On 12 July, a Sudanese court sentenced Mohamed Hamdan Dagalo – widely known as Hemeti – and 15 other senior figures in the Rapid Support Forces (RSF) to death in absentia. The charges include war crimes, crimes against humanity, genocide, and attacks on civilians, marking the first time since Sudan’s war erupted in April 2023 that the RSF’s top leadership has faced a comprehensive legal verdict.
Among those condemned alongside Hemeti is his brother Abdelrahim Hamdan Dagalo, another key RSF commander. None of the defendants were present in court; they remain at large, with the RSF still entrenched in multiple regions and engaged in fierce fighting with Sudan’s regular army. The case centered on atrocities committed in specific episodes of the conflict, but the court’s language – genocide, crimes against humanity – reflects the broader scale of violence that has torn through Khartoum, Darfur, and beyond.
For Sudanese civilians, especially those from communities targeted by RSF operations, the sentences carry symbolic weight. They amount to an official recognition that what many have endured – mass killings, sexual violence, indiscriminate shelling, and ethnic targeting – is not collateral damage but criminal conduct by identifiable commanders. Families of victims, displaced people in camps, and survivors bearing physical and psychological scars gain at least a legal acknowledgement of their suffering.

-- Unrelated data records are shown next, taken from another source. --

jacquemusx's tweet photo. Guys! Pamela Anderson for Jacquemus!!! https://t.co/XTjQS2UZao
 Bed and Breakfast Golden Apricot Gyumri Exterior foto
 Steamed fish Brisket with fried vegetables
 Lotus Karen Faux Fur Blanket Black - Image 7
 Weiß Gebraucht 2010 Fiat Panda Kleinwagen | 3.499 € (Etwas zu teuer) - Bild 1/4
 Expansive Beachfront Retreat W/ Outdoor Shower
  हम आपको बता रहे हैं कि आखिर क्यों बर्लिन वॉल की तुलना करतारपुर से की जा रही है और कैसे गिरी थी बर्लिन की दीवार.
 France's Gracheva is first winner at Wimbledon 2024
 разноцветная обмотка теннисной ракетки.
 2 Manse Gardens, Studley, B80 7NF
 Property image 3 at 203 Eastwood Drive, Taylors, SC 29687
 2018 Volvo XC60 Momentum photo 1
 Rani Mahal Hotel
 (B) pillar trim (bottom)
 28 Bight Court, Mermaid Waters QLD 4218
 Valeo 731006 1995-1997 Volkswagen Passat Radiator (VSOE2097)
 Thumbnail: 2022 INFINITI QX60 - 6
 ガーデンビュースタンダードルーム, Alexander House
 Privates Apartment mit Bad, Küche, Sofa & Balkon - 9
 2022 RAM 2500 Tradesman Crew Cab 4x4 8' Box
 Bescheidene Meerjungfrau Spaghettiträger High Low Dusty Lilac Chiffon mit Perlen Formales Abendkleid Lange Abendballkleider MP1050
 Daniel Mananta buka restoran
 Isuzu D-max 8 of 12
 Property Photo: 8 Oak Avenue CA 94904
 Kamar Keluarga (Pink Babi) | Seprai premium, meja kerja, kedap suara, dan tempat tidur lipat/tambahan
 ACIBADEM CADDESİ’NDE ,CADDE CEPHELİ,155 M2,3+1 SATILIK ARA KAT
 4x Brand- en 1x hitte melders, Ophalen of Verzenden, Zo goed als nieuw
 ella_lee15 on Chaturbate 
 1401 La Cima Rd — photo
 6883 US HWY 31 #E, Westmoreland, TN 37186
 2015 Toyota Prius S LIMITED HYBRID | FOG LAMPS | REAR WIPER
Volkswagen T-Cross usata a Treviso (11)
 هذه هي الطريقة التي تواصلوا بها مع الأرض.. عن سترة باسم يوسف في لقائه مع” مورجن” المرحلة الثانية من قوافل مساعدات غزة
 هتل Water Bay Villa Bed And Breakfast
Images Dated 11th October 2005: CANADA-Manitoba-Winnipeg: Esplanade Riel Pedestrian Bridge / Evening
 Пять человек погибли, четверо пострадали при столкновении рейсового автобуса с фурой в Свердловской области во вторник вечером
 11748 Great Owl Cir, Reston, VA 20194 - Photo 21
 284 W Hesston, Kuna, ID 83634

Yet the operational reality on the ground remains harsh. The RSF controls swathes of territory, revenue streams, and supply routes, and is backed by external support networks, including reported links to the United Arab Emirates and allied armed factions. The Sudanese Armed Forces, for their part, continue heavy fighting, including around border areas such as Kurmuk in Blue Nile state, which the army recently retook after more than three months under RSF and allied control. Civilians in these contested zones remain exposed to airstrikes, shelling, and reprisals regardless of what a courtroom in government‑held territory decrees.
Strategically, the death sentences deepen the divide between Sudan’s warring elites and any negotiated exit from the conflict. Labeling the RSF leadership as genocidal criminals narrows the political space for amnesties or power‑sharing deals that include them, even as regional mediators search for ways to stop the fighting. It may also complicate external actors’ calculations: governments or entities accused of backing the RSF now face the prospect of being seen as supporters of convicted war criminals, not just one side in a messy civil war.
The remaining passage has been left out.